** DATA EXCERPTS **

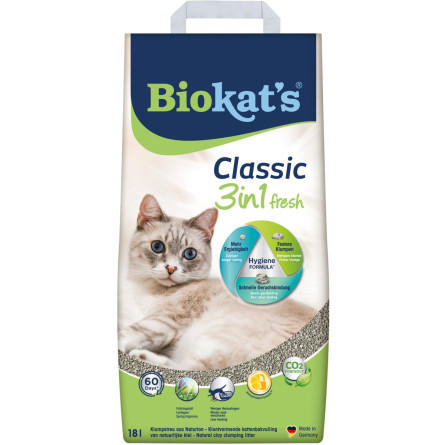 Наполнитель для кошачьего туалета Biokat's Classic Fresh 3in1 бентонитовый 18 л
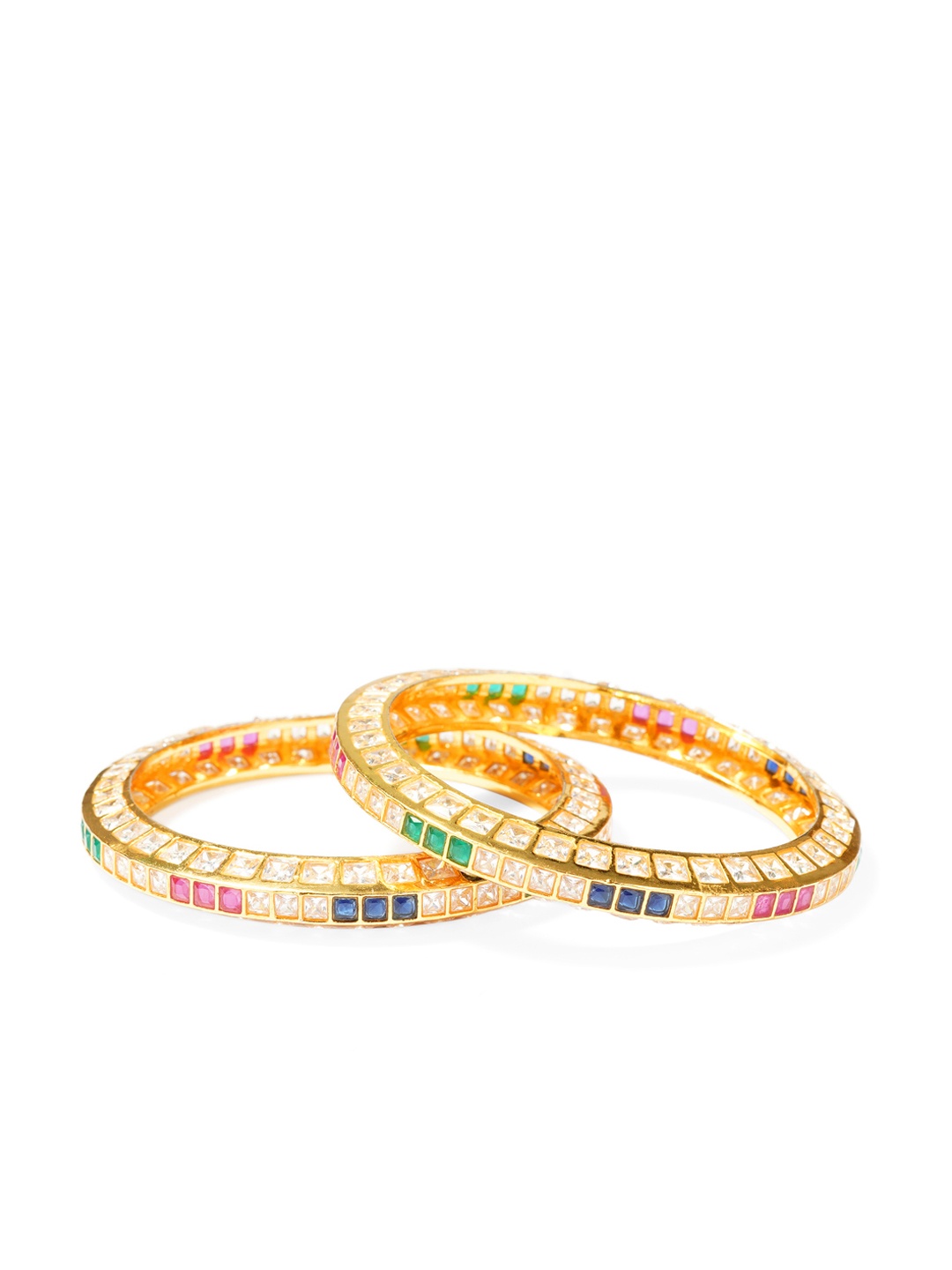 

DUGRISTYLE Women Set of 2 Gold-Plated & Multicoloured Stone-Studded Bangles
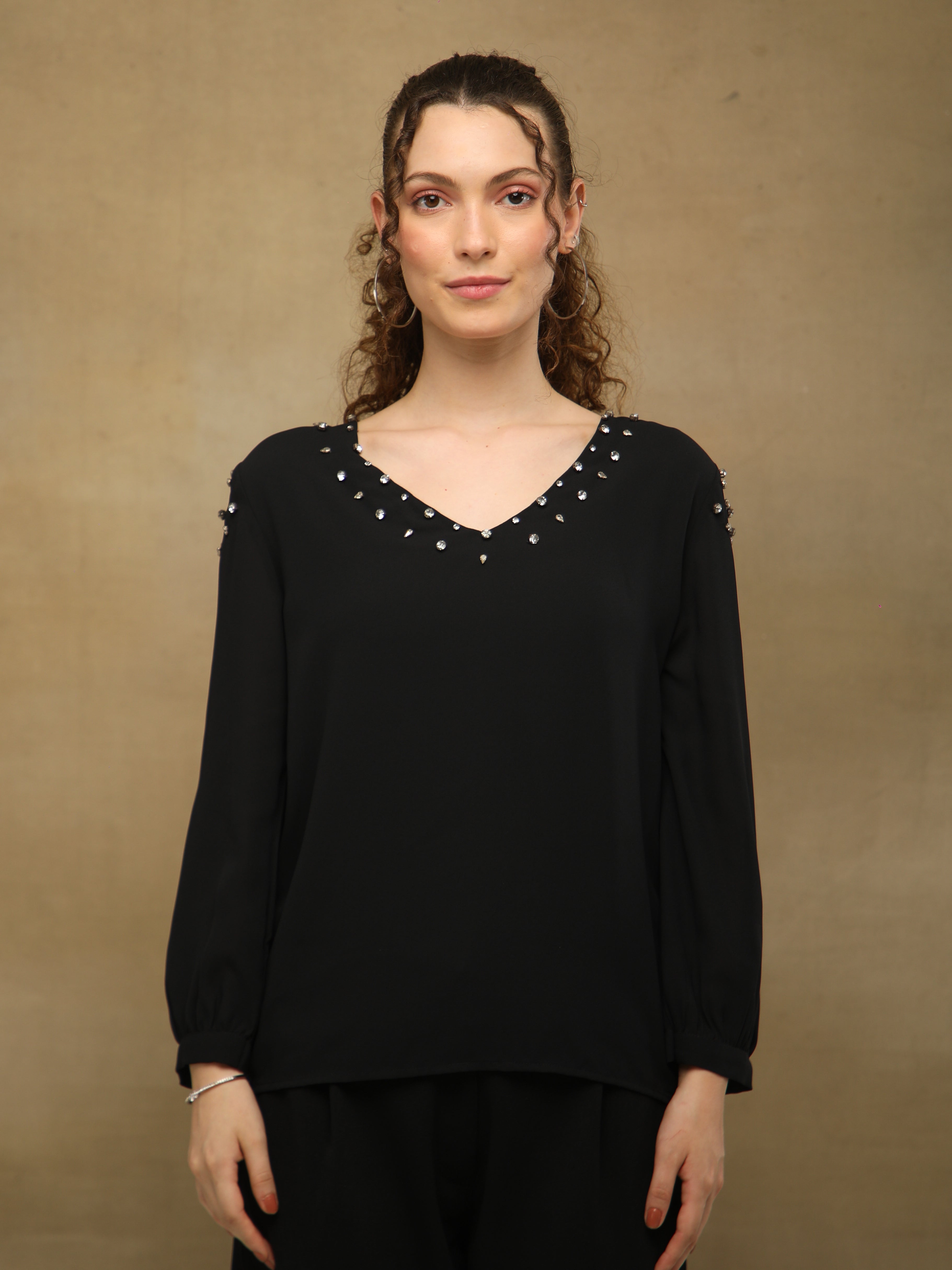 Rhinestone Georgette Black Top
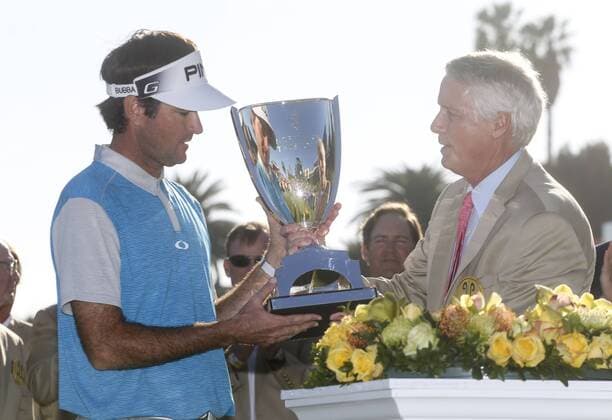 Feb. 21, 2016 - Los Angeles, California, U.S - Bubba Watson receives the trophy after winning on the final round of the PGA Golf Herren Tour Northern Trust Open golf tournament at Riviera Country Club on February 21, 2016, in Los Angeles. Bubba Watson won the Northern Trust Open. Bubba Watson Wins Northern Trust Open - ZUMAc68_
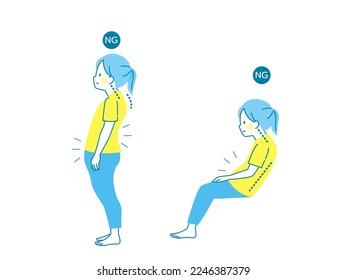 Illustration set woman and poor posture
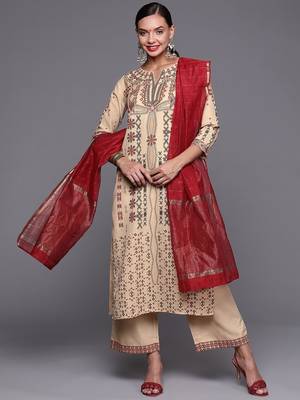 Women Yellow & Red Ethnic Motifs Printed Kurta with Palazzos & With Dupatta 4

** ASSIGNED TASK **
From the top of the listing above, repeat each line exactly until you reach the line containing "Rhinestone Georgette Black Top", and repeat that one too. Leave the pictures out.

** WRITTEN ANSWER **
 Наполнитель для кошачьего туалета Biokat's Classic Fresh 3in1 бентонитовый 18 л

DUGRISTYLE Women Set of 2 Gold-Plated & Multicoloured Stone-Studded Bangles
 Rhinestone Georgette Black Top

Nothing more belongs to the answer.